34. Savannah/Ashton
Savannah
Revoir Ash m’a fait un mal de chien. Je pensais commencer à tourner la page sur notre histoire, à me dire que Kurt pourrait m’aider en pansant toutes mes blessures. Le week-end dernier, on s’est même embrassés. Ce n’était qu’un petit baiser, mais j’ai eu l’impression de me trouver sur la voie de la guérison. Que j’allais enfin pouvoir me remettre en selle. Mais voilà que ce brun au regard envoûtant revient dans ma vie sans crier gare et arrache d’un coup sec le pansement posé sur mon cœur. Par sa faute, j’ai passé la nuit à pleurer, en me souvenant de ce ,nous, qui n’existe plus depuis cinq mois. Callie est rentrée peu de temps après moi. Sans un mot, elle m’a serrée fort contre elle. J’ignore si elle a compris qui il était, mais elle n’a pas cherché à le savoir. Aucune question, juste du réconfort. Elle s’est endormie en me tenant contre elle. Quant à moi, je n’ai pas fermé l’œil de la nuit.

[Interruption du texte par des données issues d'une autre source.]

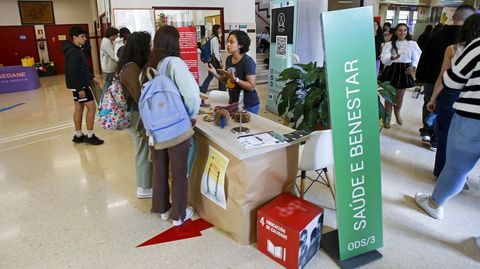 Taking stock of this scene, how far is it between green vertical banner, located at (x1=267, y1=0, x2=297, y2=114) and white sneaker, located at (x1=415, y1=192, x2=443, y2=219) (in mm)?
2668

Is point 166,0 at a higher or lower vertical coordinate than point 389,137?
higher

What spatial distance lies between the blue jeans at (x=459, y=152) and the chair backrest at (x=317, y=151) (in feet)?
2.62

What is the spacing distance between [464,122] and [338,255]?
1170mm

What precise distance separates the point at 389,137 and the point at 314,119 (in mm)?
2142

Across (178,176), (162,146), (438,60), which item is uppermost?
(438,60)

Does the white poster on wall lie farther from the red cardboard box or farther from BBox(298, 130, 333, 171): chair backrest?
the red cardboard box

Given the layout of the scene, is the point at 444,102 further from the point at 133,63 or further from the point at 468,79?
the point at 133,63

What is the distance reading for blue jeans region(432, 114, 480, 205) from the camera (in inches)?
79.2

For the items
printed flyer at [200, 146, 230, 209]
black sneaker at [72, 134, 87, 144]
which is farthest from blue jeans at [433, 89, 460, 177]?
black sneaker at [72, 134, 87, 144]

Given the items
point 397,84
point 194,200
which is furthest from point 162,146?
point 397,84

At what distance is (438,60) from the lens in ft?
11.2

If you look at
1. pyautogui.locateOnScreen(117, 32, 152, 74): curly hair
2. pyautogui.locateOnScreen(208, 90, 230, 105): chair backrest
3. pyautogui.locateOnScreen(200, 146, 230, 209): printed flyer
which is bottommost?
pyautogui.locateOnScreen(200, 146, 230, 209): printed flyer

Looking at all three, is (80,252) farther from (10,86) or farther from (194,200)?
(10,86)

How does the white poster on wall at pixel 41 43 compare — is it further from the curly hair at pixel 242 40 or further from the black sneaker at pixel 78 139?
the curly hair at pixel 242 40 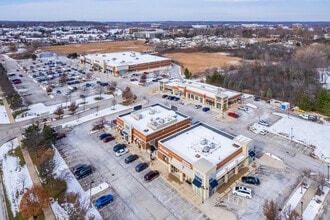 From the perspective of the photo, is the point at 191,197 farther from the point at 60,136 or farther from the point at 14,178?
the point at 60,136

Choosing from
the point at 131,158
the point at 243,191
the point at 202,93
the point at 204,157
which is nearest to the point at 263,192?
the point at 243,191

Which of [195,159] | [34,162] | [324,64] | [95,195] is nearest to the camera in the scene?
[95,195]

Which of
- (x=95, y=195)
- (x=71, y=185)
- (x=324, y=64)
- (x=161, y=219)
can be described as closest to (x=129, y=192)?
(x=95, y=195)

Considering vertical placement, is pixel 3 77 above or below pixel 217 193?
above

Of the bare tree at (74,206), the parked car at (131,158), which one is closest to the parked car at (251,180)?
the parked car at (131,158)

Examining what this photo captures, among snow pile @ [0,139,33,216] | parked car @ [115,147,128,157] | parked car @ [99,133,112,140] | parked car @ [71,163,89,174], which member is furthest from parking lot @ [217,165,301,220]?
snow pile @ [0,139,33,216]

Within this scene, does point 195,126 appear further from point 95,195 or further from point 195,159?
point 95,195

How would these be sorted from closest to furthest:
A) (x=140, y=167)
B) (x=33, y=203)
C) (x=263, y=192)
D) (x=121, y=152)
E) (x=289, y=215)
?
(x=289, y=215)
(x=33, y=203)
(x=263, y=192)
(x=140, y=167)
(x=121, y=152) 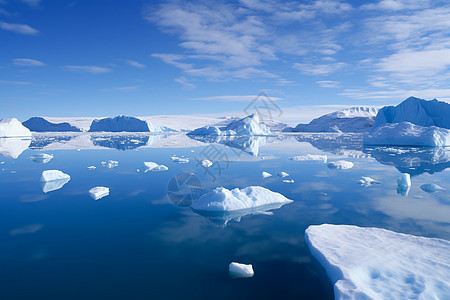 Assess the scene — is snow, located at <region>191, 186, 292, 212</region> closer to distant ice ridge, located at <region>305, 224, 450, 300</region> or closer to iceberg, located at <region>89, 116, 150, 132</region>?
distant ice ridge, located at <region>305, 224, 450, 300</region>

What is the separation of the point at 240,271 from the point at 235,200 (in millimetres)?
2202

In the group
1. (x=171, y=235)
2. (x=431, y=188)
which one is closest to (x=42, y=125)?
(x=171, y=235)

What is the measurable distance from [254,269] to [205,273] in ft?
1.84

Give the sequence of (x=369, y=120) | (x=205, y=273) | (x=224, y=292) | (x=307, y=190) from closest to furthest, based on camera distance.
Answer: (x=224, y=292) < (x=205, y=273) < (x=307, y=190) < (x=369, y=120)

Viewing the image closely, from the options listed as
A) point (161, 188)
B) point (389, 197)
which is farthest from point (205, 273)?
point (389, 197)

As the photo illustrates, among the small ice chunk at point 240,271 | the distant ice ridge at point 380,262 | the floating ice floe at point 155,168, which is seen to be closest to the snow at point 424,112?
the floating ice floe at point 155,168

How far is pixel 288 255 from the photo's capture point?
3.46 meters

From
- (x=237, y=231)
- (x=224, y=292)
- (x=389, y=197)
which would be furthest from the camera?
(x=389, y=197)

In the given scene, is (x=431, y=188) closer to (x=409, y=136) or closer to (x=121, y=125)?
(x=409, y=136)

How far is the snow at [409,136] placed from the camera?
61.1 feet

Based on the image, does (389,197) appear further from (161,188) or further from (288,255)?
(161,188)

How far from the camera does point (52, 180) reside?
785cm

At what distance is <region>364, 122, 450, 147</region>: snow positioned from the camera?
18.6 metres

Mon réveil retentit. Dans un geste digne d’un automate, je l'éteins. Il est temps que je me lève pour aller en cours. Je quitte le lit, en faisant très attention de ne pas réveiller Callie. Elle a encore le temps de dormir. Je pars farfouiller dans mon armoire à la recherche de la tenue adéquate. Un sweat large aux couleurs de l’université et un vieux legging feront très bien l’affaire. J’ai bien trop le bourdon pour faire le moindre effort vestimentaire.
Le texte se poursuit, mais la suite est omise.